What right do you have to be right, right?

Discrimination is an interesting issue. According to Wikipedia,

"it is action based on prejudice resulting in unfair treatment of people. To discriminate socially is to make a distinction between people on the basis of class or category without regard to individual merit. Examples of social discrimination include racial, religious, sexual, weight, disability, ethnic, height-related, employment discrimination, sexual orientation discrimination and age-related discrimination."

Have you been discriminated? I can't recall the number of times I have been discriminated but like many, it has been ignored and carelessly shoved under the covers.

Today, in many countries, there are legislations formed to offer rights to individuals. Thank you to education and democracy, more people are stepping forward to demand their rights. The right to be treated as an equal. The question is, however, equal to whom? To the other being? To a child? To an adult? To the opposite sex? To a white? To a midget? To a millionaire?

I don't think so. There is a limit to equality. A man can never be equalled to a woman. Do the maths: 1 = 2? Based on the simple mathematical instruction, since 1 is never 2, 1 cannot be treated like 2. Vice-versa. However, 1 should be respected as 1 and therefore, be given the space 1 deserves. Do I make sense?

When I look at the equal rights offered here in the UK, I am always reminded of how it is hardly dealt with in Malaysia. Over here, one should never hesitate to ask for a prayer room (as an example) - be it at academic institutions or at the workplace. Back home, obliging to personal requests are often associated with having preferences. How much more professional can you get?

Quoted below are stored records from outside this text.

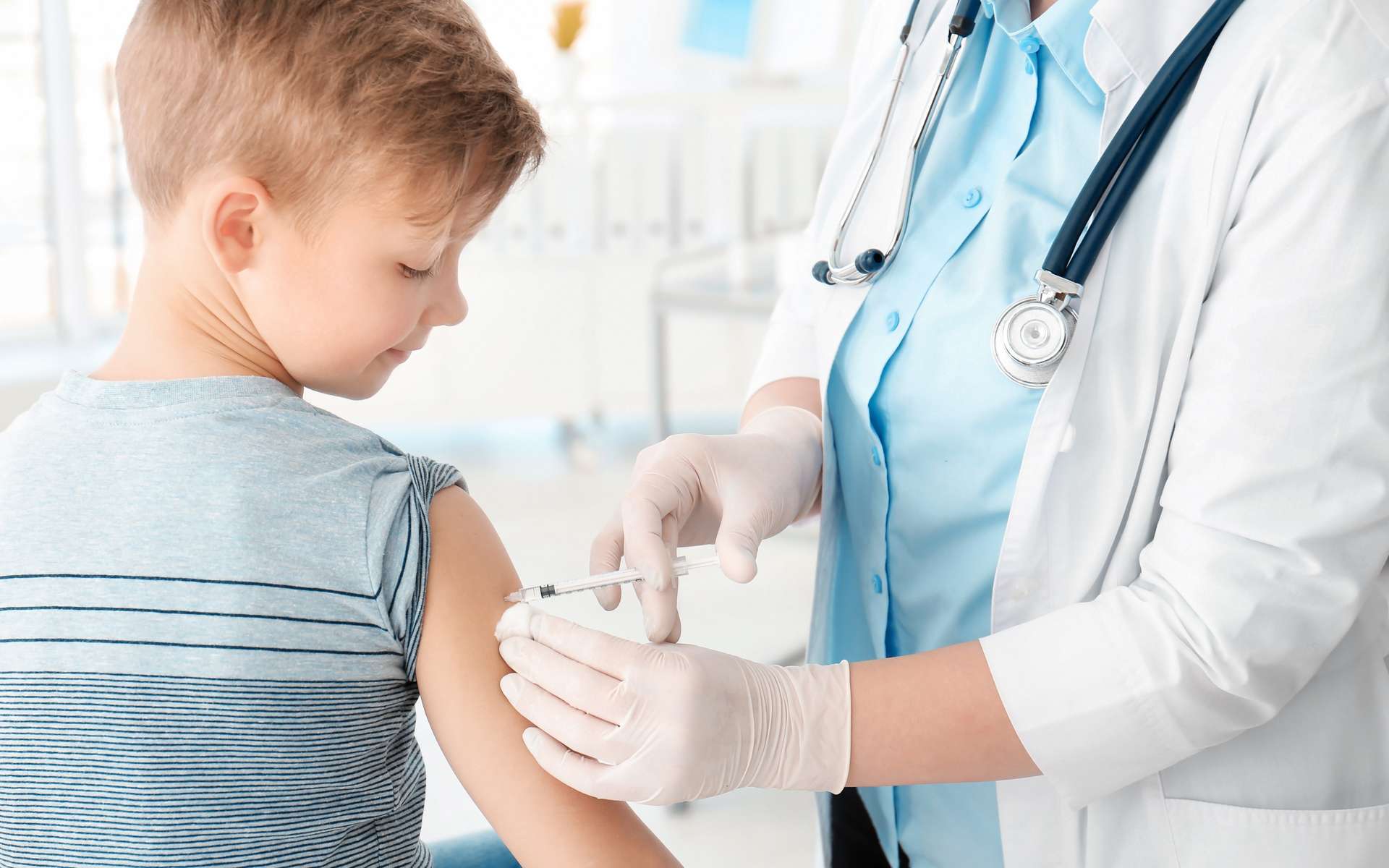 Papillomavirus humain : les garçons vaccinés dès l’été 2020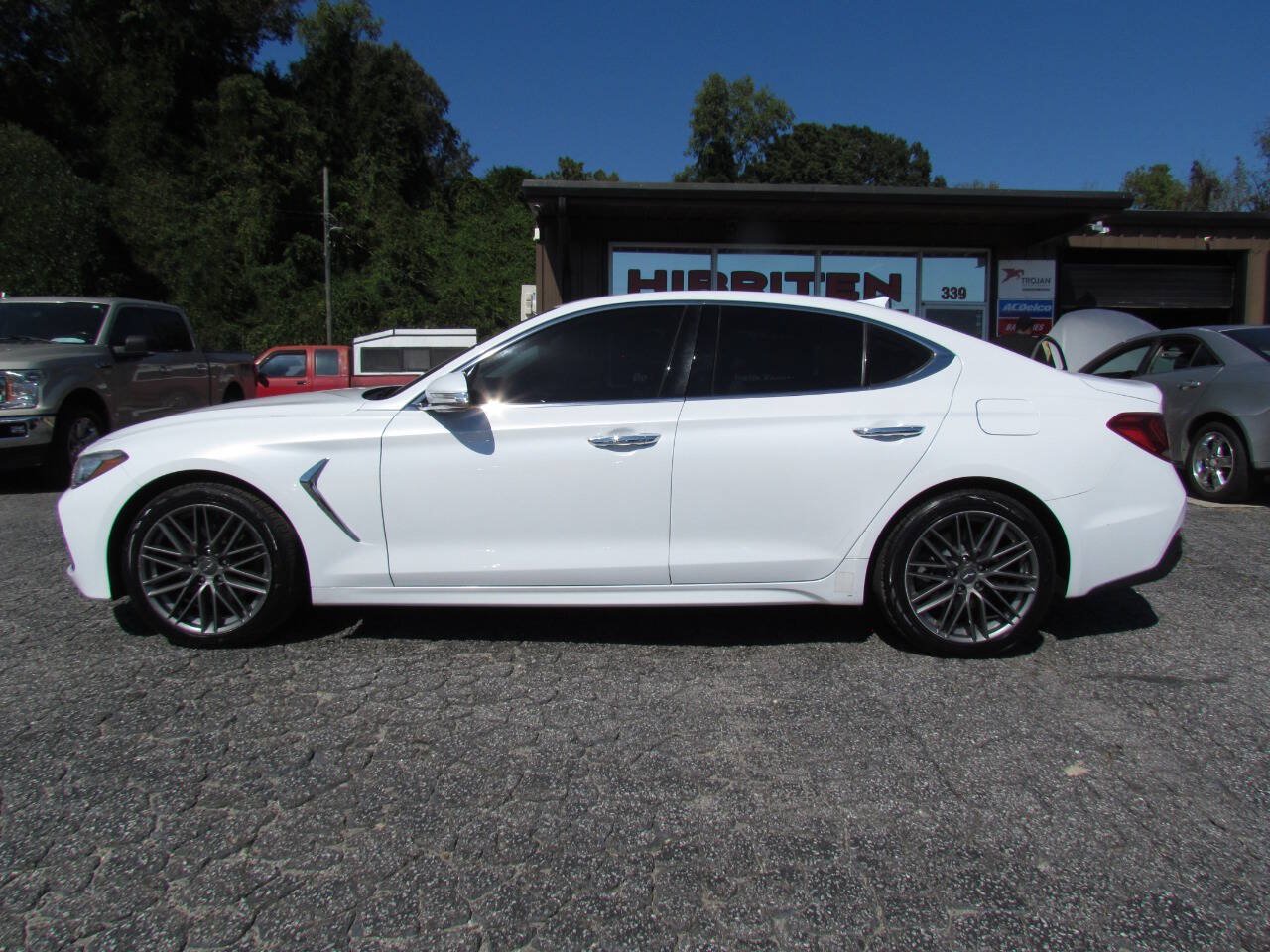 Used 2019 Genesis G70 2.0T Advanced RWD image 2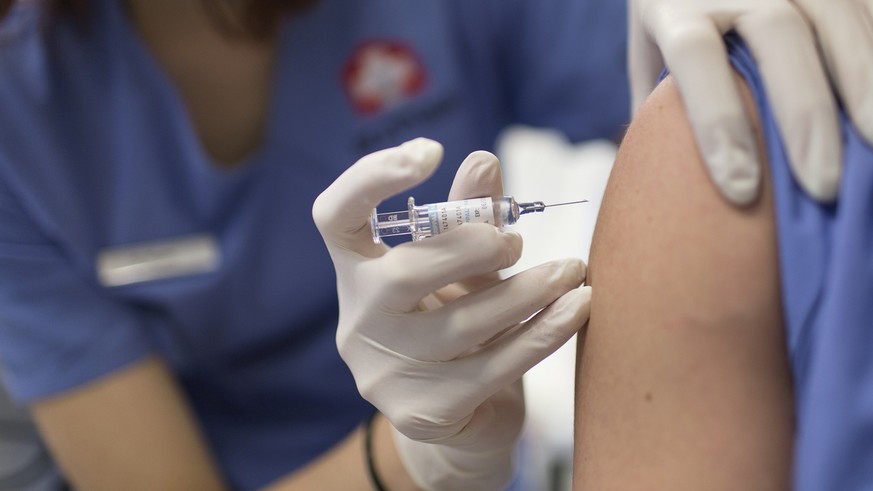 A medical assistant gives a flu vaccination at the Arzthaus in Zurich, Switzerland, on January 30, 2015. (KEYSTONE/Gaetan Bally)

Eine Praxisassistentin verabreicht eine Grippeimpfung, aufgenommen am  ...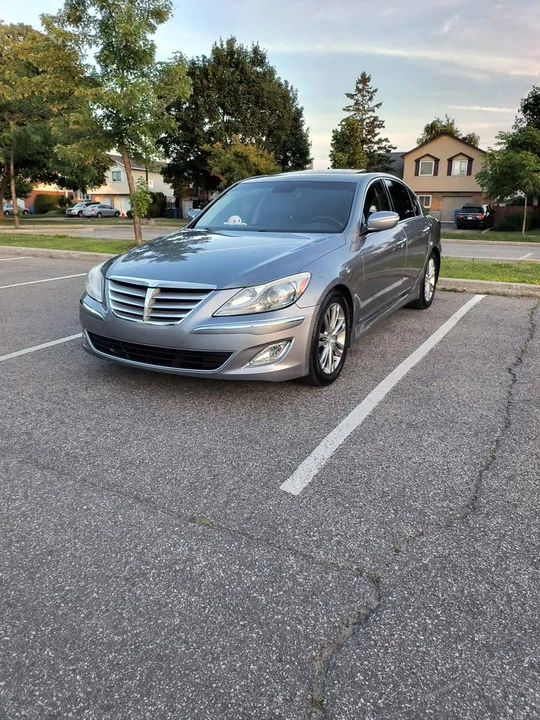 2014 Hyundai Genesis - Image 5 of 5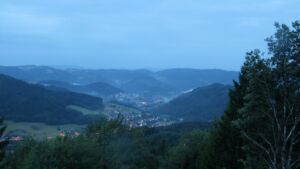 Dieses Bild zeigt eine Webcam-Aufnahme vom Achertal, aufgenommen am Samstag, den 01.08.2026 um 05:30 Uhr. Die Temperatur betrug 16.6°C.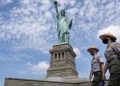 Agenti di sicurezza sorvegliano la statua della libertà a New York durante l'emergenza coronavirus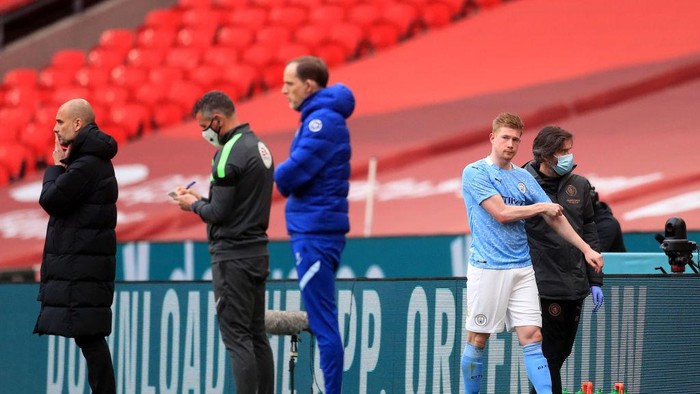 LONDON, ENGLAND - APRIL 17: Kevin De Bruyne of Manchester City leaves the pitch with the medical staff as he is substituted off during the Semi Final of the Emirates FA Cup match between Manchester City and Chelsea FC at Wembley Stadium on April 17, 2021 in London, England. Sporting stadiums around the UK remain under strict restrictions due to the Coronavirus Pandemic as Government social distancing laws prohibit fans inside venues resulting in games being played behind closed doors.  (Photo by Adam Davy - Pool/Getty Images)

So, don't forget to pause and reflect, especially after this piece here:

Boss, to four of his employees: "I'm really sorry, but I'm going to have to let one of you go."
Black Employee: "I'm a protected minority."
Female Employee: "And I'm a woman."
Oldest Employee: "Fire me, buster, and I'll hit you with an age discrimination suit so fast it'll make your head spin."
To which they all turn to look at the helpless young, white, male employee, who thinks a moment, then responds: "I think I might be gay..."


Anonymous said...

I know you wannabe serious with this one but I smile - reading the last one..
One question, are you really comfortable getting around or simply being there? None of the racial discrimination experience when you go out & about? For simply being non-White?rad

Intan said...

i don't move in circles that might discriminate me, and even if i do go overseas, i don't notice it because i don't live there.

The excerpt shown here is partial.